[DATA BLOCK Boundary: Start]
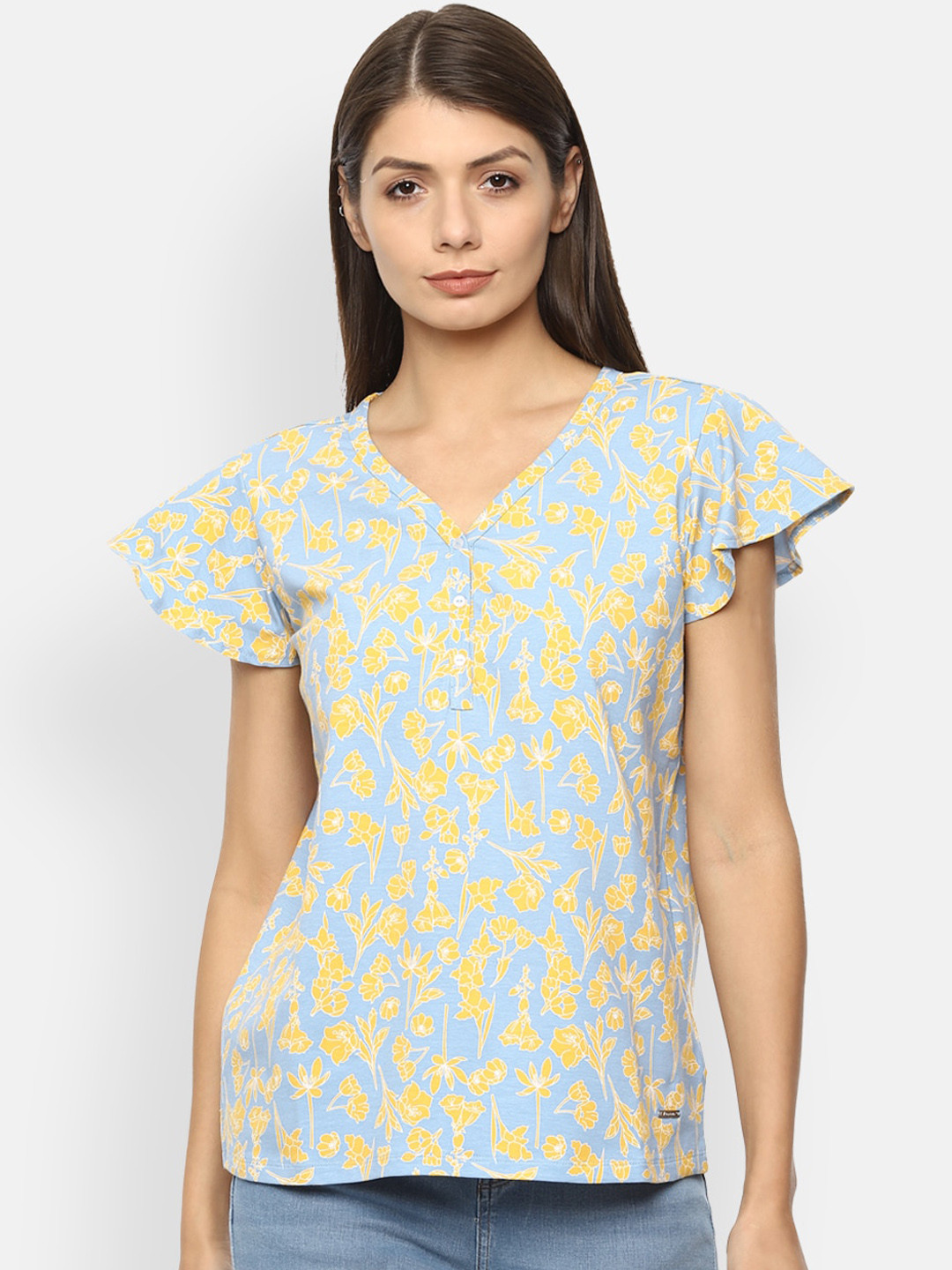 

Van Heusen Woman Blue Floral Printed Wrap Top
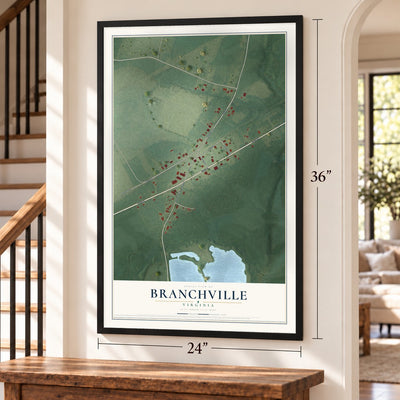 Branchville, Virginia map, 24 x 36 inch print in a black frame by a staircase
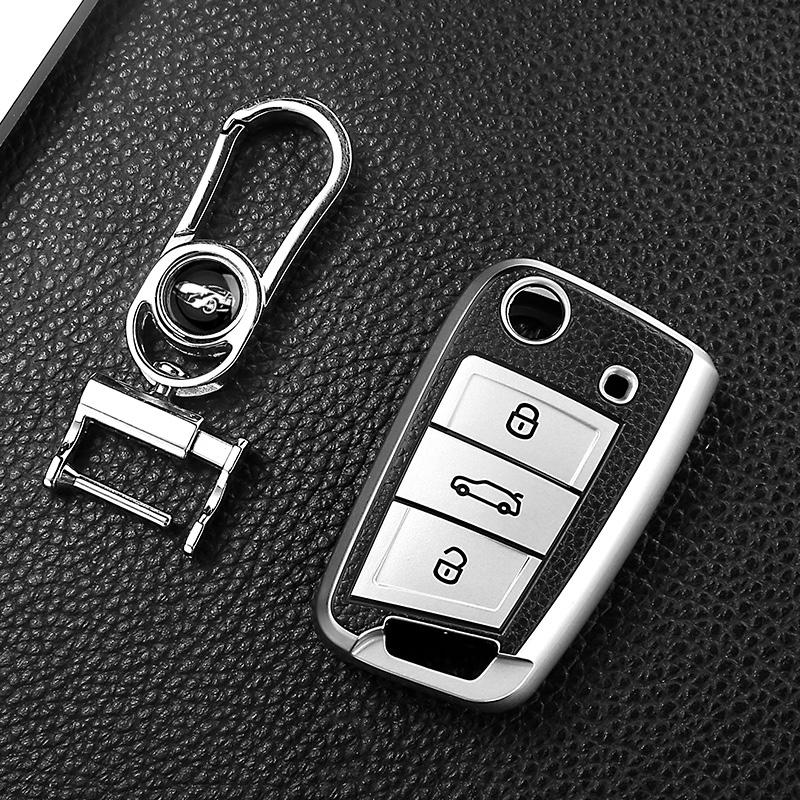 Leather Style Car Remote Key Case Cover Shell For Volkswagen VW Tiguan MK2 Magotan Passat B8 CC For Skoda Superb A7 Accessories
[DATA BLOCK Boundary: End]
WHAT TO PRODUCE: Without the pictures, print the whole listing exactly as given.

RESPONSE FOR THIS EXERCISE:
Van Heusen Woman Blue Floral Printed Wrap Top
 Branchville, Virginia map, 24 x 36 inch print in a black frame by a staircase
 Leather Style Car Remote Key Case Cover Shell For Volkswagen VW Tiguan MK2 Magotan Passat B8 CC For Skoda Superb A7 Accessories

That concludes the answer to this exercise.